Using the Illumina InterOp Library in Python: Part 4

Install

If you do not have the Python InterOp library installed, then you can do the following:

$ pip install -f https://github.com/Illumina/interop/releases/latest interop

You can verify that InterOp is properly installed:

$ python -m interop --test

Before you begin

If you plan to use this tutorial in an interactive fashion, then you should get an example run folder that contains IndexMetricsOut.bin.

Please change the path below so that it points at the run folder you wish to use:


In [1]:
run_folder = ""

Getting SAV Indexing Tab-like Metrics

The run_metrics class encapsulates the model for all the individual InterOp files as well as containing information from the RunInfo.xml. The Modules page contains a subset of the applications programmer's interface for all the major classes in C++. The available Python models all have the same names (with a few exceptions) and take the same parameters. This page is useful for accessing specific values loaded from the individual files.


In [2]:
from interop import py_interop_run_metrics, py_interop_run, py_interop_summary

In [3]:
run_metrics = py_interop_run_metrics.run_metrics()
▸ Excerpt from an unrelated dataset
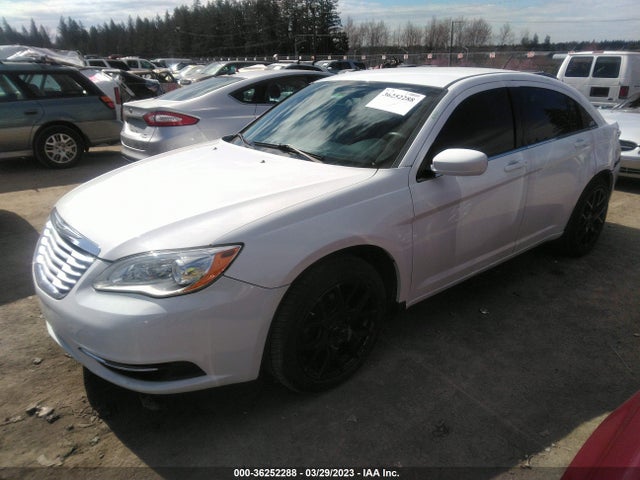 1C3CCBAB9EN124590 Chrysler 200 LX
By default, the run_metrics class loads all the InterOp files.

run_folder = run_metrics.read(run_folder)

The InterOp library can provide a list of all necessary InterOp files for a specific application. The following shows how to generate that list for the index summary statistics:


In [4]:
valid_to_load = py_interop_run.uchar_vector(py_interop_run.MetricCount, 0)

In [ ]:
py_interop_run_metrics.list_index_metrics_to_load(valid_to_load)
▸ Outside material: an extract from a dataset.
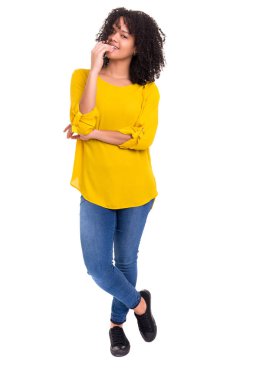 Güzel genç Afrikalı kadın poz beyaz arka plan üzerinde izole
The run_metrics class can use this list to load only the required InterOp files as follows:


In [ ]:
run_folder = run_metrics.read(run_folder, valid_to_load)

The index_flowcell_summary class encapsulates all the metrics displayed on the SAV Indexing tab. This class contains a tree-like structure where metrics describing the run summary are at the root, there is a branch for each lane summary, and a sub branch for each count summary.


In [ ]:
summary = py_interop_summary.index_flowcell_summary()

The index_flowcell_summary object can be populated from the run_metrics object just so:


In [ ]:
py_interop_summary.summarize_index_metrics(run_metrics, summary)

Index Lane Summary

The index flowcell summary composes index lane summaries. An index lane summary contains information summarizing the entire lane as well as child index count summaries that describe a single sample.

Below, we use pandas to display the index count summary portion of the SAV Indexing Tab:


In [ ]:
import pandas as pd
columns = ( ('Index Number', 'id'), ('Sample Id', 'sample_id'), ('Project', 'project_name'), ('Index 1 (I7)', 'index1'), ('Index 2 (I5)', 'index2'), ('% Reads Identified (PF)', 'fraction_mapped'))
lane_summary = summary.at(0)

d = []
for label, func in columns:
    d.append( (label, pd.Series([getattr(lane_summary.at(i), func)() for i in range(lane_summary.size())], index=[lane_summary.at(i).id() for i in range(lane_summary.size())])))
df = pd.DataFrame.from_items(d)
df

You can also view the list of available metrics in the summary as follows:


In [ ]:
print "\n".join([method for method in dir(lane_summary) if not method.startswith('_') and method not in ("set", "push_back", "reserve", "this", "resize", "clear", "sort")])

In [ ]:


In [ ]: